Web page caption snippets
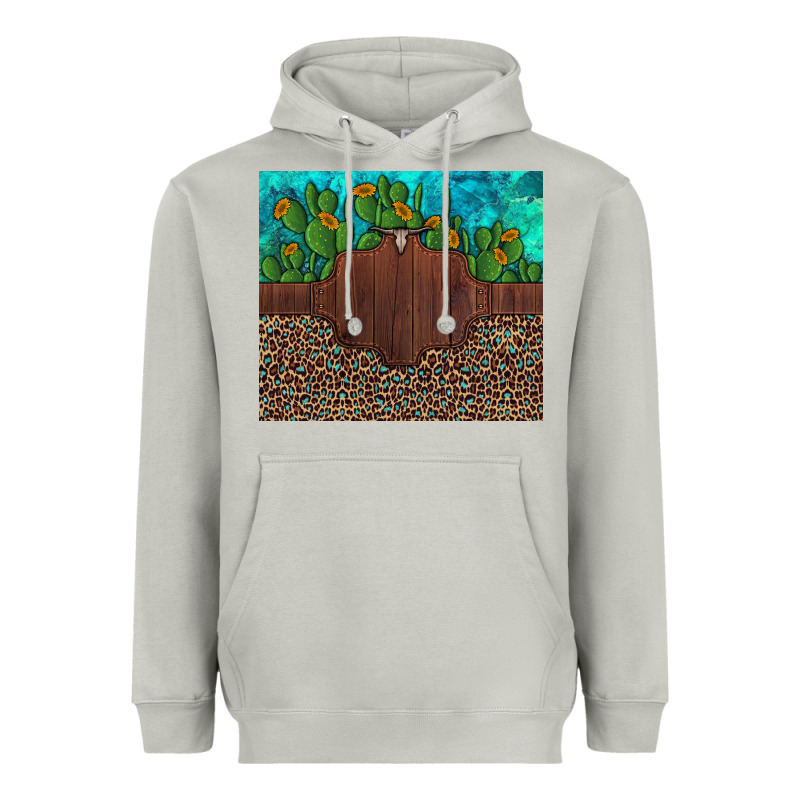 Custom Cactus And Sunflowers Leopard Turquoise Heavyweight Hoodie by Artiststas | Teevron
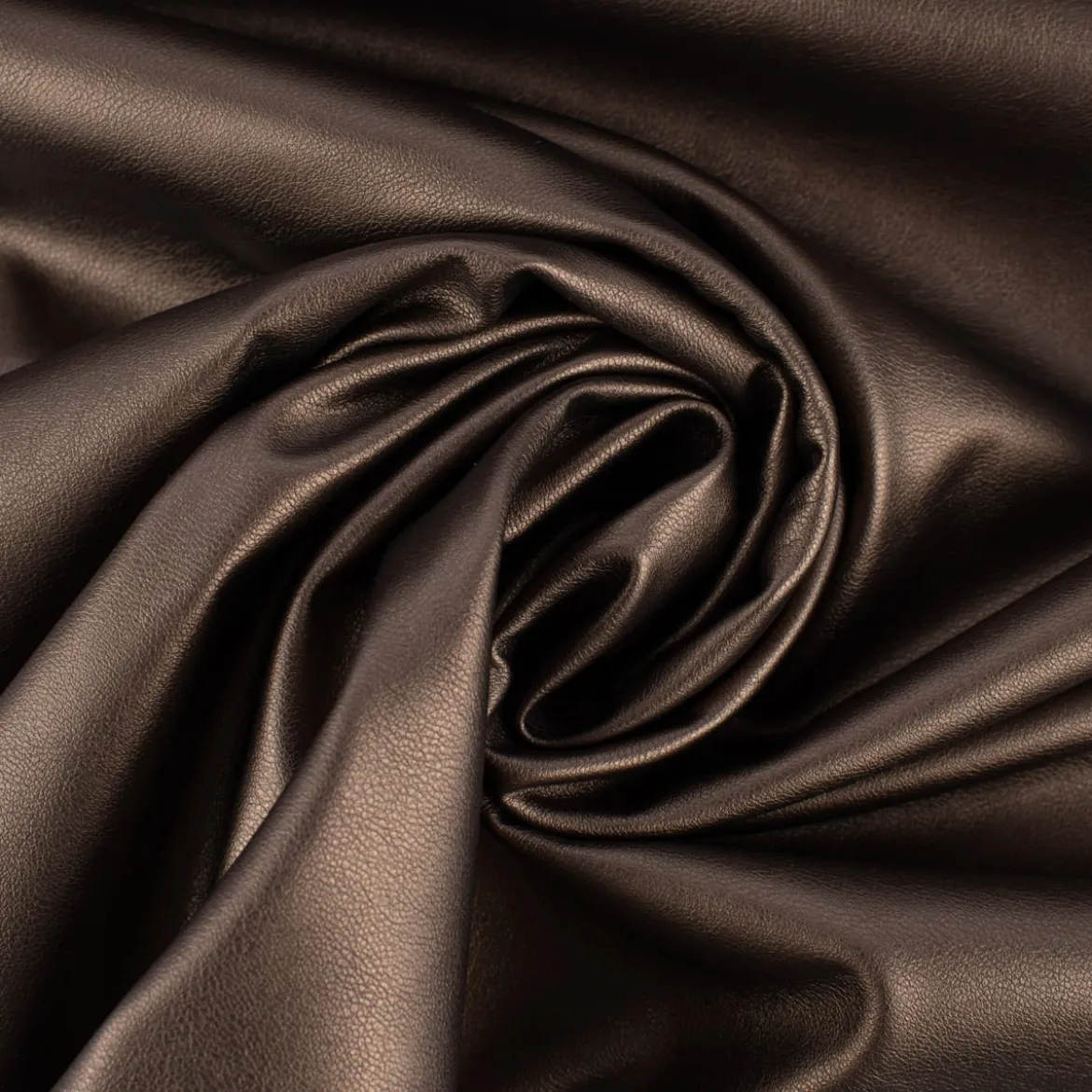 Bekleidungsstoff Kunstleder Lederimitat einfarbig braun metallic 1,4m Breite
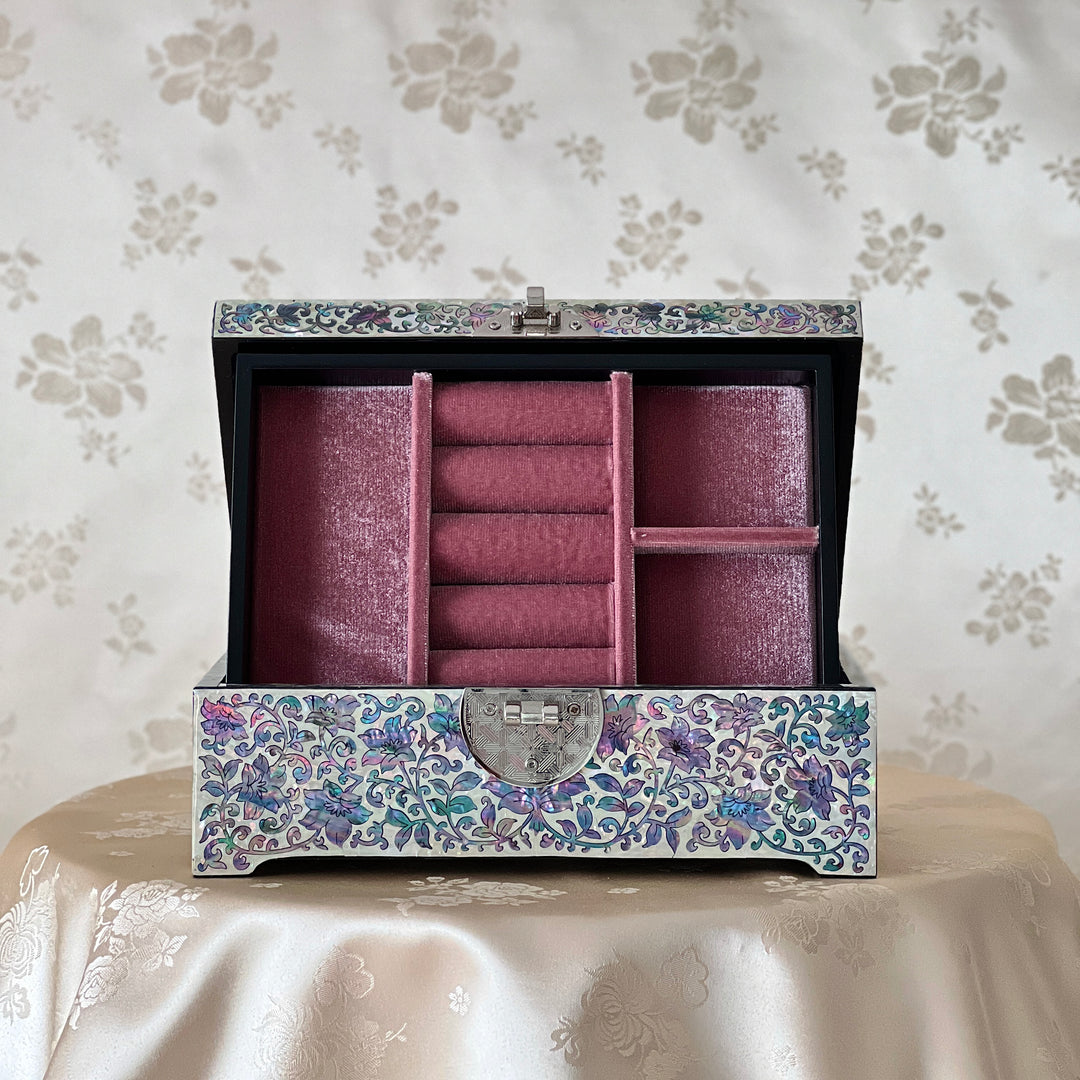 Mother-of-Pearl Jewelry Box: Paired Cranes in a Pine Grove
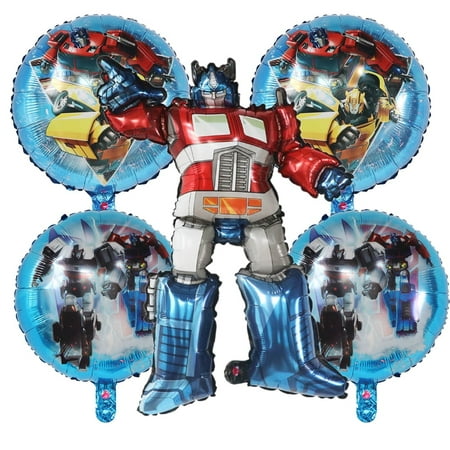 5 PCS Transformer Balloons Robots Theme Decorations Bumble Bee Balloons Optimus Prime Balloons Birthday Balloons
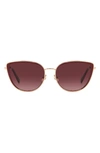 Kate Spade Staci 56mm Gradient Cat Eye Sunglasses In Red Gold / Burgundy Shaded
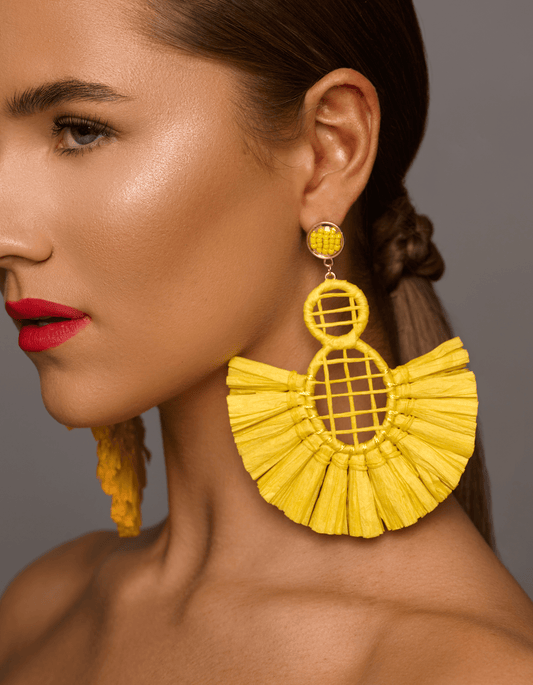 Handmade Bohemian Raffia Statement Earrings for Women - Fatisha Boutique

**Aim of the exercise**
Transcribe each record exactly as it stands, setting aside any pictures.

**Answer area**
 Custom Cactus And Sunflowers Leopard Turquoise Heavyweight Hoodie by Artiststas | Teevron
 Bekleidungsstoff Kunstleder Lederimitat einfarbig braun metallic 1,4m Breite
 Mother-of-Pearl Jewelry Box: Paired Cranes in a Pine Grove
 5 PCS Transformer Balloons Robots Theme Decorations Bumble Bee Balloons Optimus Prime Balloons Birthday Balloons
 Kate Spade Staci 56mm Gradient Cat Eye Sunglasses In Red Gold / Burgundy Shaded
 Handmade Bohemian Raffia Statement Earrings for Women - Fatisha Boutique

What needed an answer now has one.